[Extracted records]
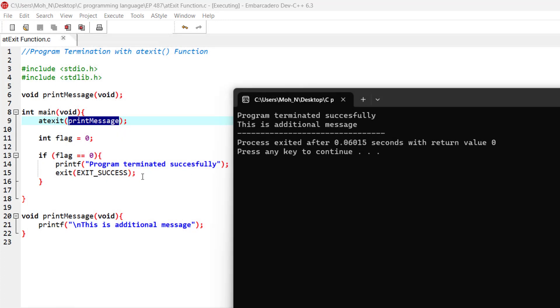Because the program was exited using the exit function, you can see the program terminated successfully and the print message was printed as well.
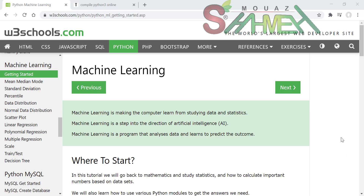دورة تعلم الآلة Machine Learning ودرب المهارات. هذه الدورة تأتي امتداداً لسلسلة برمجة بلغة بايثون. طُرحت دورة كاملة بلغة بايثون من قبل، ويمكنك الرجوع إليها.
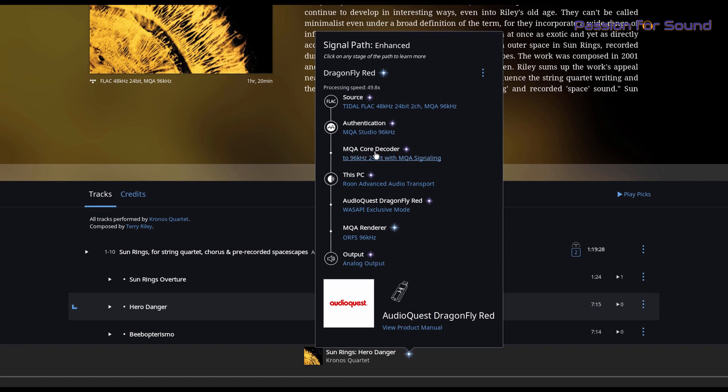And what's happening now is that the Core Decoder, which is the software decoder, is still happening in Rune. What Rune is then doing is sending it to the MQA renderer, which is the Dragonfly. So from the reading I've done, what that means is that after the software does the initial unfold, which is the most intensive part of the process, there are then some fine details that are able to be further enhanced through the, in this case, the Dragonfly, so through a true renderer.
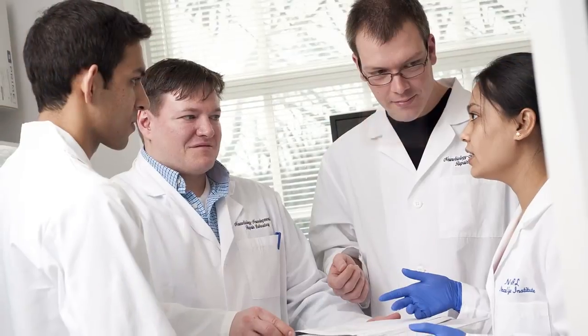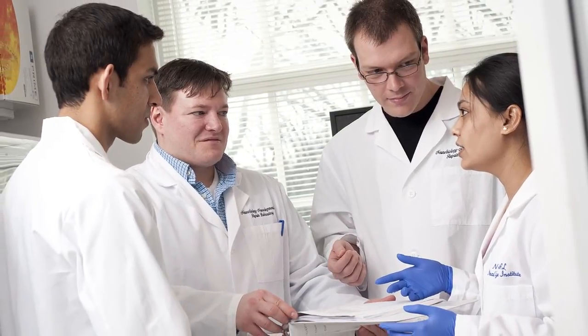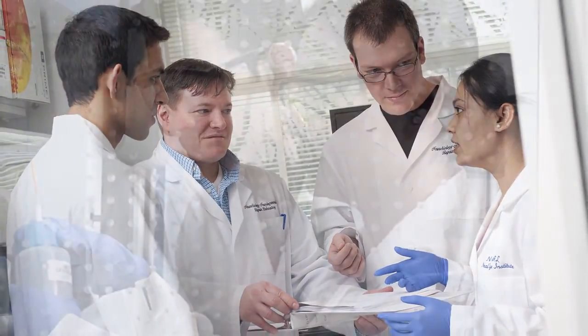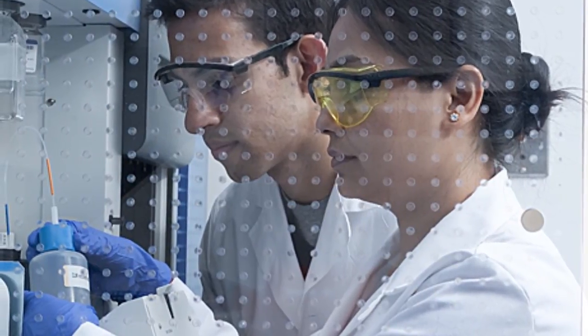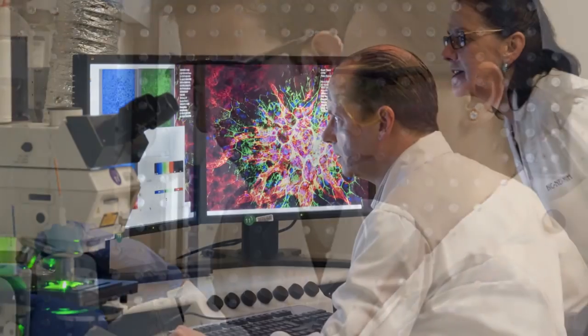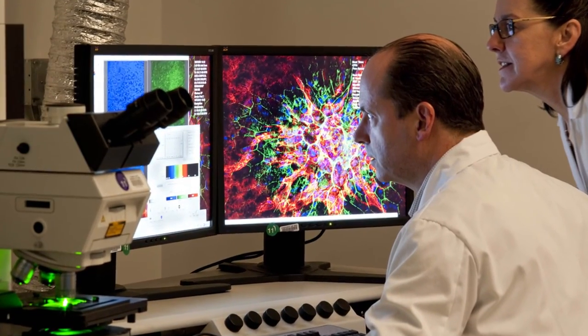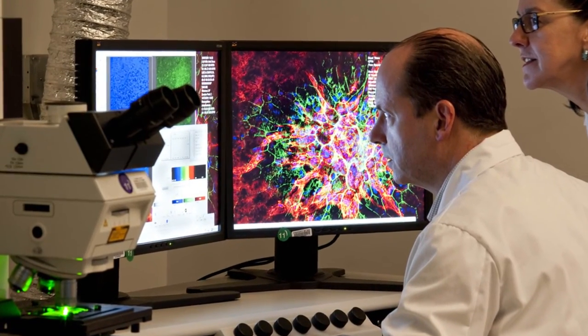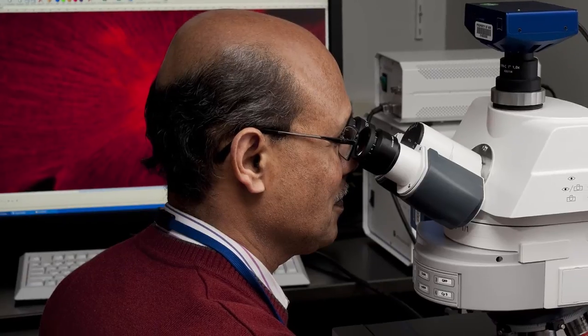Research can also be categorized into clinical research that involves looking back at data that has been collected previously, or looking forward at specific data sets that we would like to follow up on.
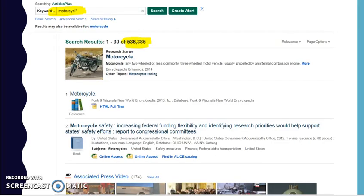Actually, the first thing I want to do is make it as big as I can. So I'm going to put an asterisk after the L in motorcycle, and I get motorcycle, motorcycles, motorcyclists — everything that could be stuck to motorcycle — and I get even more: 536,285.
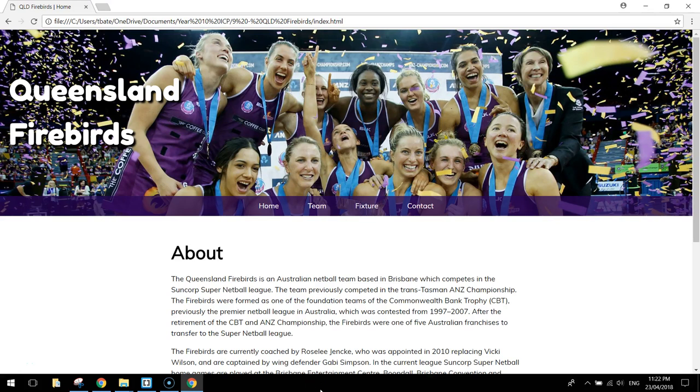Welcome back to the final part in this tutorial series where we have been putting together a website for the Queensland Firebirds. In our previous video we started styling it up using CSS.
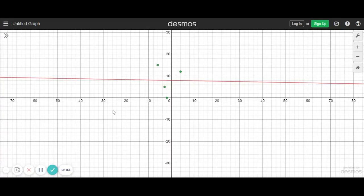In my last video, we talked about how to do a linear regression in Desmos. So in this one, I'm going to show you how to do a quadratic.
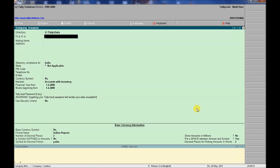First, we will look at the directory. This tells you where Tally data is saved and stored — it is stored in a specific location. We are not showing that location here and we don't need to change it.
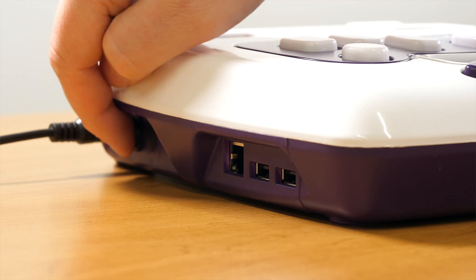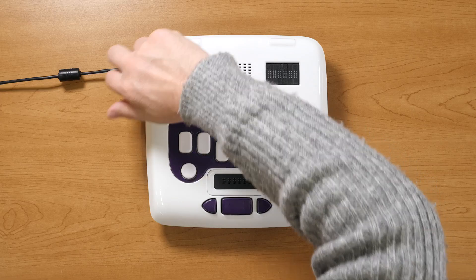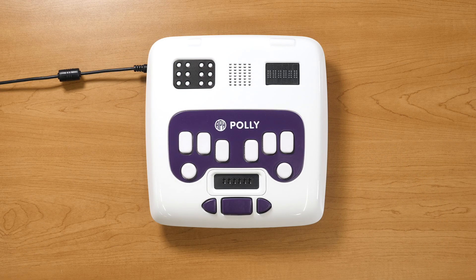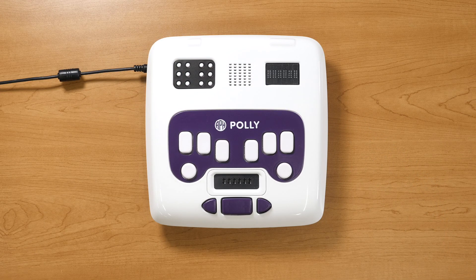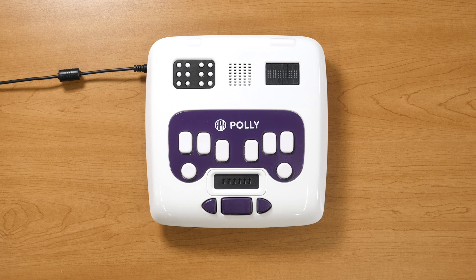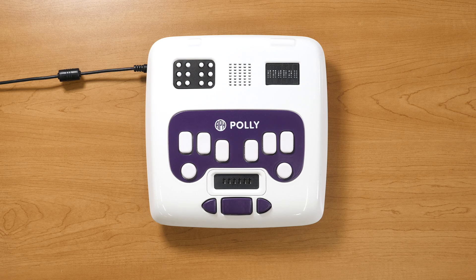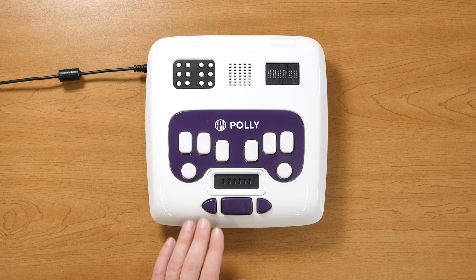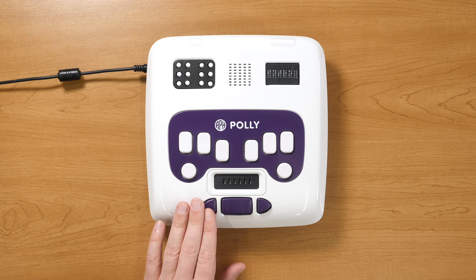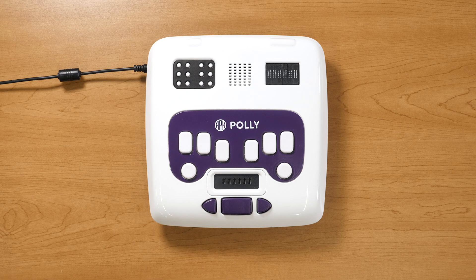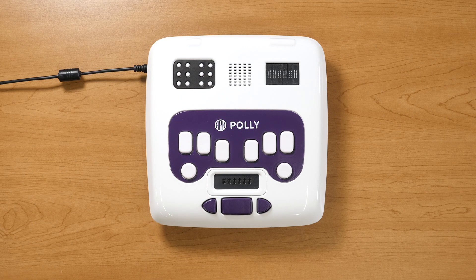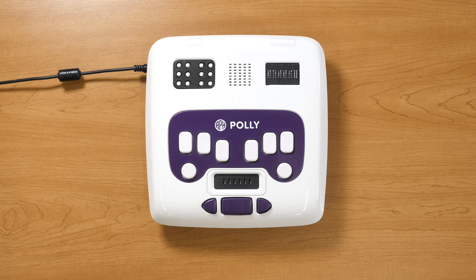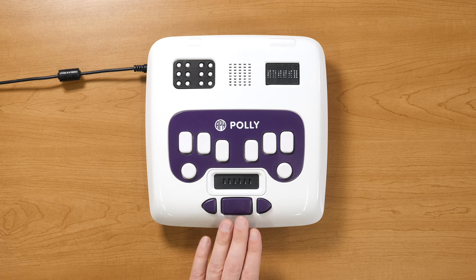To enable, turn on your Poly and after it starts up, press the left arrow to go into Settings. Next, press the space bar to select.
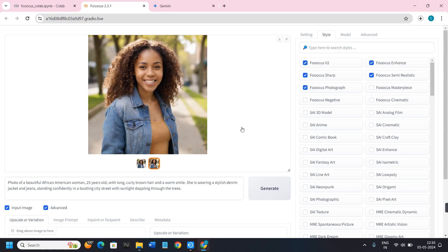This is how you can easily use Focus Collab. I hope this video was helpful, and if it was, don't forget to like the video and subscribe to the channel. Thank you so much for watching.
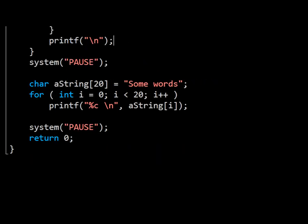We have already seen static string literals. These are the messages in double quotes we have been passing to our printf function all the time. What we're looking at now is a string comprised of array characters. In this particular case, we have a string with a maximum of 20 characters, and we have assigned these 10 letters to it.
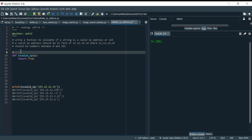Basically, we have to check three things. First, we have to check there are exactly four digits. Second, we have to check if each part is a number or not — it could be an alphabet like 'a' or 'b', so we have to check it's a digit. Third, if it is a digit, we check if it's between 0 and 255.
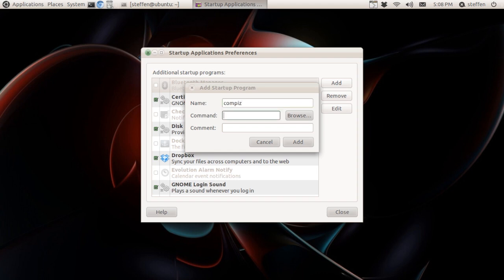Then the command is going to be this: compiz --replace. Yeah, okay. And then you press Add and now you're all set. So yeah, that is the video - this is how you enable Compiz in a few Linux distros such as Debian.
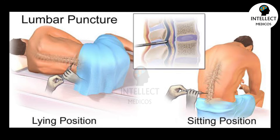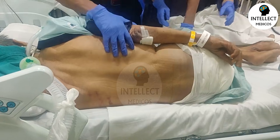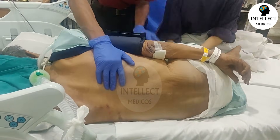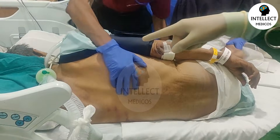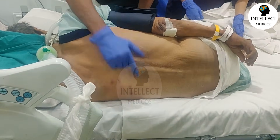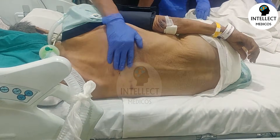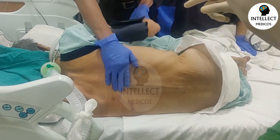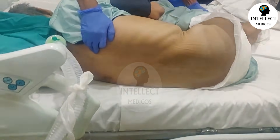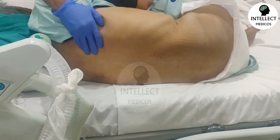The next step is patient positioning, which can be done in lateral position or sitting position depending on the clinical status of the patient. Bend the knees of the patient towards the tummy and straighten the back. Correct positioning is very important for you to enter into the subarachnoid space; otherwise you might end up doing the procedure again and again.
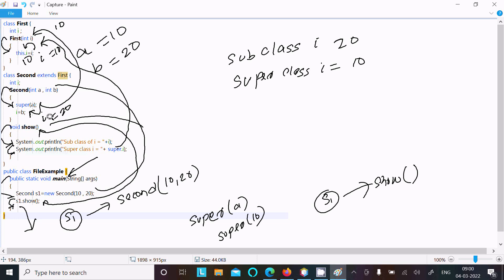After all the process is done, control exits from the main method. So this is the way that code works. I hope this video was helpful for you. This video is now over, thanks for watching, see you in the next video.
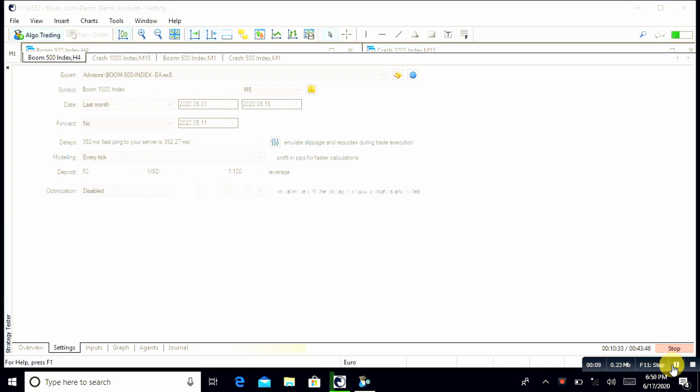This is a demo account. We are going to test BOOM and CRUSH awesome robot. This is a BOOM and CRUSH robot selected on the symbol BOOM1000.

WHAT THIS TASK INVOLVES:
Restate every record above word for word, without images.

FINISHED EXERCISE:
Because the program was exited using the exit function, you can see the program terminated successfully and the print message was printed as well.
دورة تعلم الآلة Machine Learning ودرب المهارات. هذه الدورة تأتي امتداداً لسلسلة برمجة بلغة بايثون. طُرحت دورة كاملة بلغة بايثون من قبل، ويمكنك الرجوع إليها.
And what's happening now is that the Core Decoder, which is the software decoder, is still happening in Rune. What Rune is then doing is sending it to the MQA renderer, which is the Dragonfly. So from the reading I've done, what that means is that after the software does the initial unfold, which is the most intensive part of the process, there are then some fine details that are able to be further enhanced through the, in this case, the Dragonfly, so through a true renderer.
Research can also be categorized into clinical research that involves looking back at data that has been collected previously, or looking forward at specific data sets that we would like to follow up on.
Actually, the first thing I want to do is make it as big as I can. So I'm going to put an asterisk after the L in motorcycle, and I get motorcycle, motorcycles, motorcyclists — everything that could be stuck to motorcycle — and I get even more: 536,285.
Welcome back to the final part in this tutorial series where we have been putting together a website for the Queensland Firebirds. In our previous video we started styling it up using CSS.
In my last video, we talked about how to do a linear regression in Desmos. So in this one, I'm going to show you how to do a quadratic.
First, we will look at the directory. This tells you where Tally data is saved and stored — it is stored in a specific location. We are not showing that location here and we don't need to change it.
To enable, turn on your Poly and after it starts up, press the left arrow to go into Settings. Next, press the space bar to select.
This is how you can easily use Focus Collab. I hope this video was helpful, and if it was, don't forget to like the video and subscribe to the channel. Thank you so much for watching.
We have already seen static string literals. These are the messages in double quotes we have been passing to our printf function all the time. What we're looking at now is a string comprised of array characters. In this particular case, we have a string with a maximum of 20 characters, and we have assigned these 10 letters to it.
Basically, we have to check three things. First, we have to check there are exactly four digits. Second, we have to check if each part is a number or not — it could be an alphabet like 'a' or 'b', so we have to check it's a digit. Third, if it is a digit, we check if it's between 0 and 255.
Then the command is going to be this: compiz --replace. Yeah, okay. And then you press Add and now you're all set. So yeah, that is the video - this is how you enable Compiz in a few Linux distros such as Debian.
The next step is patient positioning, which can be done in lateral position or sitting position depending on the clinical status of the patient. Bend the knees of the patient towards the tummy and straighten the back. Correct positioning is very important for you to enter into the subarachnoid space; otherwise you might end up doing the procedure again and again.
After all the process is done, control exits from the main method. So this is the way that code works. I hope this video was helpful for you. This video is now over, thanks for watching, see you in the next video.
This is a demo account. We are going to test BOOM and CRUSH awesome robot. This is a BOOM and CRUSH robot selected on the symbol BOOM1000.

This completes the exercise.